Question

ABCD is a rhombus RABS is a straight line such that RA=AB=BS prove that RS and SC when produced meet at right angle

Answer 1

Answer:

Step-by-step explanation:

Answer 2

Proved below.

Step-by-step explanation:

Given:

Here ∠DAB and ∠ABC are supplementary (adjacent angles in a rhombus).  

∠RAD and ∠DAB are supplementary (linear pair).  

∠ABC and ∠CBS are supplementary (linear pair).  

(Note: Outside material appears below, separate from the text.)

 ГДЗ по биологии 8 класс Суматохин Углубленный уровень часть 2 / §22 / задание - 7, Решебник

So ∠RAD and ∠ABC are congruent (supplementary to the same angle),  

and ∠RAD and ∠CBS are supplementary because ∠CBS is supplementary to an angle congruent to ∠RAD.  

DA = AB = BC = CD because ABCD is a rhombus.           [given]

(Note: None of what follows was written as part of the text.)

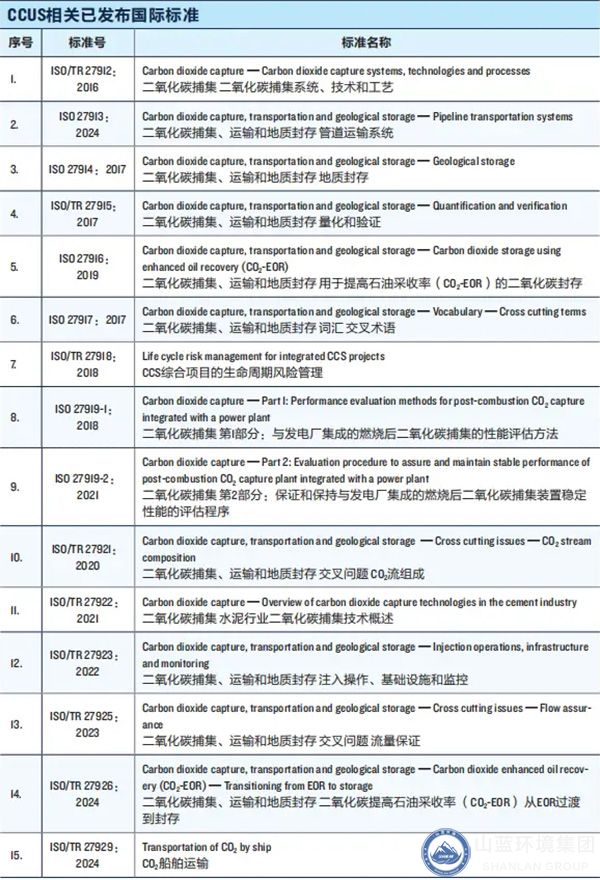 CCUS已發(fā)布國際標(biāo)準(zhǔn).jpg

So RA = DA (both equal to AB)  

and BC = BS (both equal to AB).  

Δ RAD is an isosceles triangle with RA = DA,  

so base angle ARD measures  $\frac{(180\degree - m\angle RAD)}{2}$.                                      [1]

Similarly, Δ CBS is an isosceles triangle with BC = BS  

so base angle BSC measures  $\frac{(180\degree - m\angle CBS)}{2}$.                                       [2]

Thus,  

m∠ARD + m∠BSC  

=  $\frac{(180\degree - m\angle RAD)}{2} + \frac{(180\degree - m\angle CBS)}{2}$             [ from 1 and 2 ]

= $\frac{360 - (m\angle RAD + m\angle CBS)}{2}$

= $\frac{360-180}{2}$   [because ∠RAD and ∠CBS are supplementary]  

= $\frac{180}{2}$

m∠ARD + m∠BSC = 90°                [3]

Let P be the point where RD and SC intersect.

Then  

m∠SRP + m∠RSP

= m∠ARD + m∠BSC            [same angles]  

= 90°                  [ from 3 ]

and the third angle of triangle RSP, at P, measures  

180° - 90° = 90°  

which is what we wanted to prove.  

Hence RS and SC when produced meet at right angle.